Task objective
Restate the listing word for word; omit the images.

(Beginning of The data)

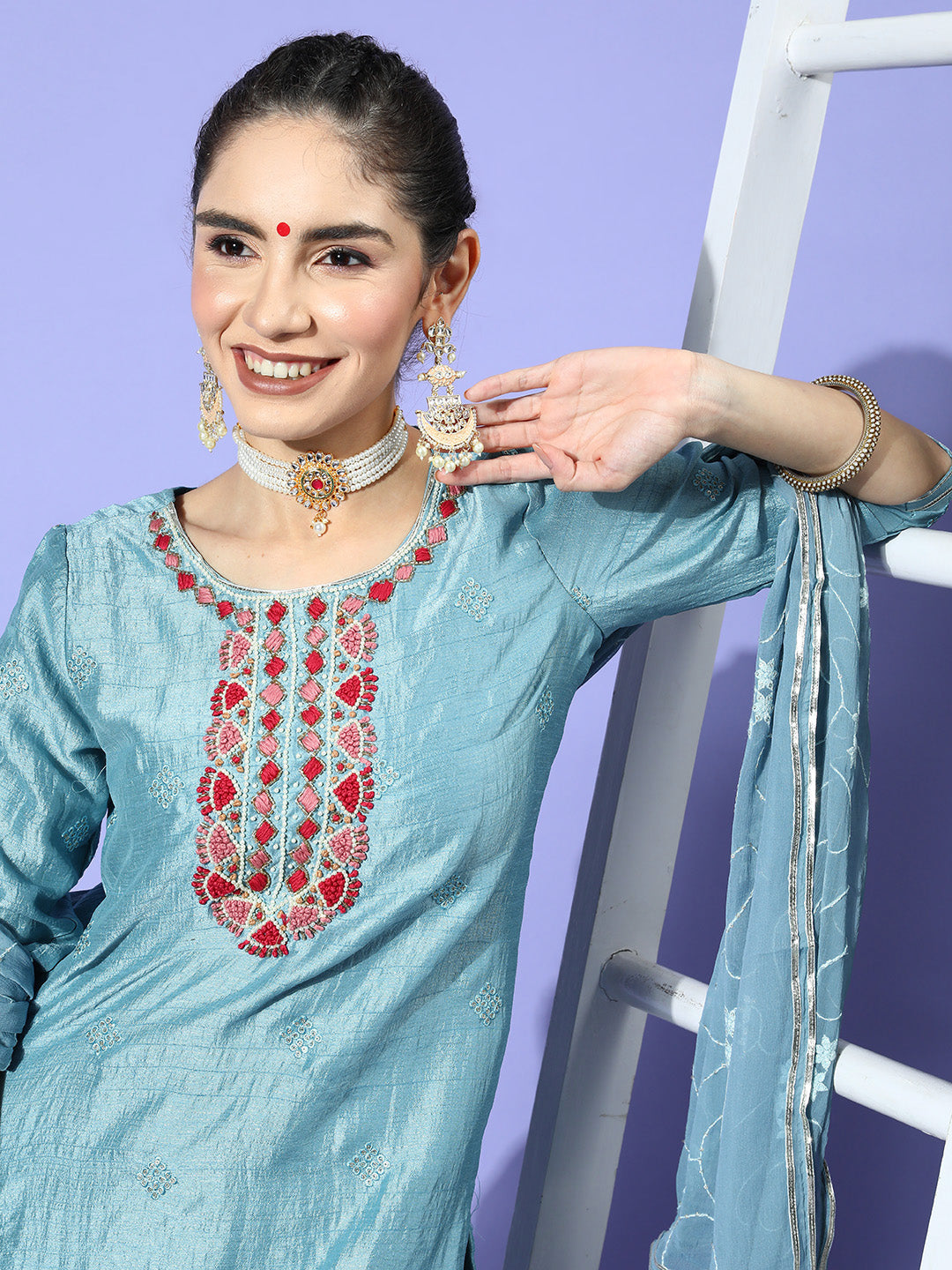 Ishin Women's Blue Embellished A-Line Kurta with Trouser & Dupatta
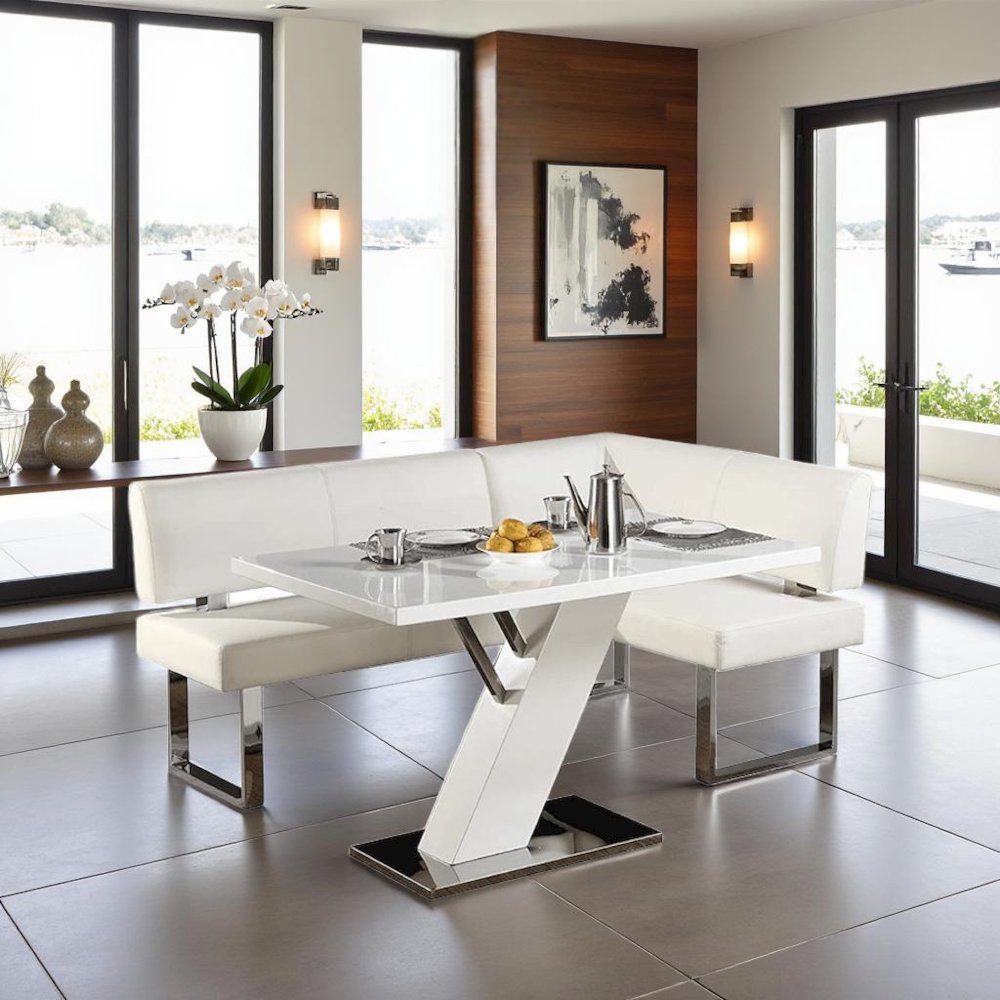 White Faux Leather Corner Dining Table with Kitchen Nook Bench Seating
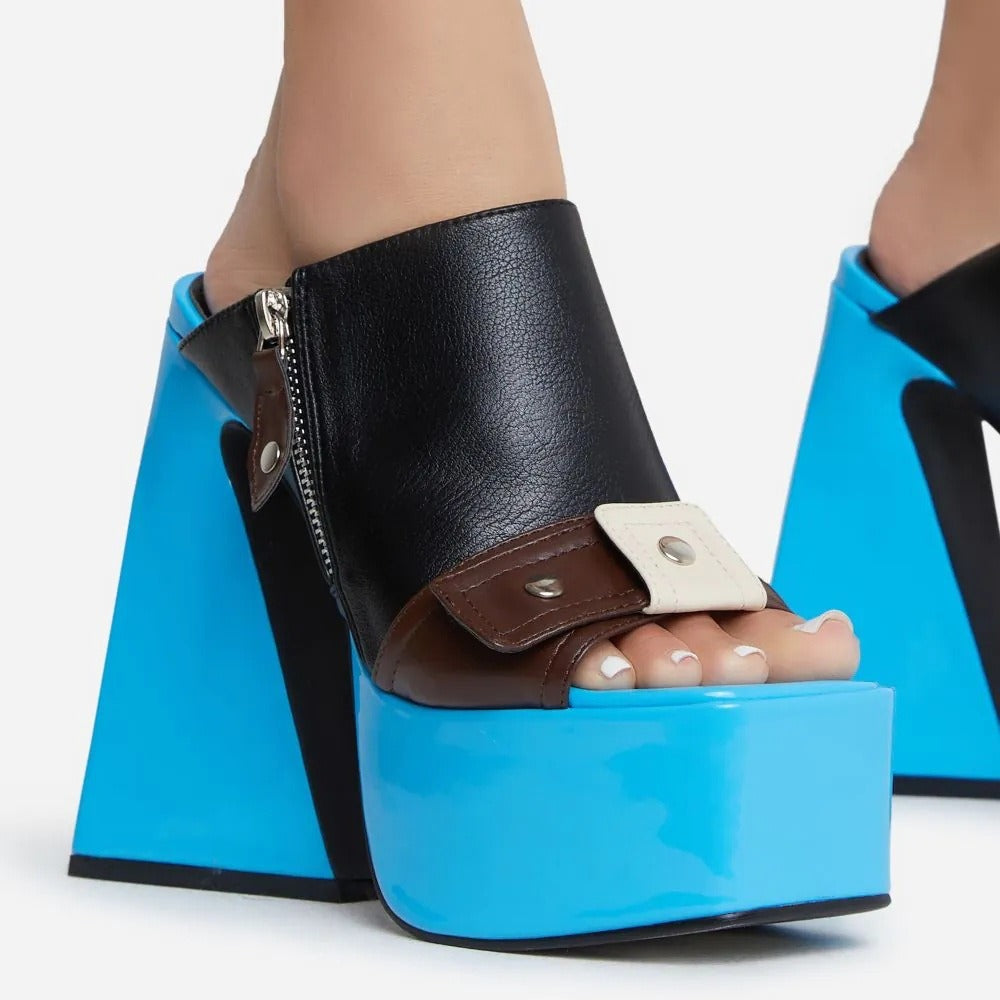 Square open toe color block ultra-high heel - runwayfashionista.com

(End of The data)

Your response
 Ishin Women's Blue Embellished A-Line Kurta with Trouser & Dupatta
 White Faux Leather Corner Dining Table with Kitchen Nook Bench Seating
 Square open toe color block ultra-high heel - runwayfashionista.com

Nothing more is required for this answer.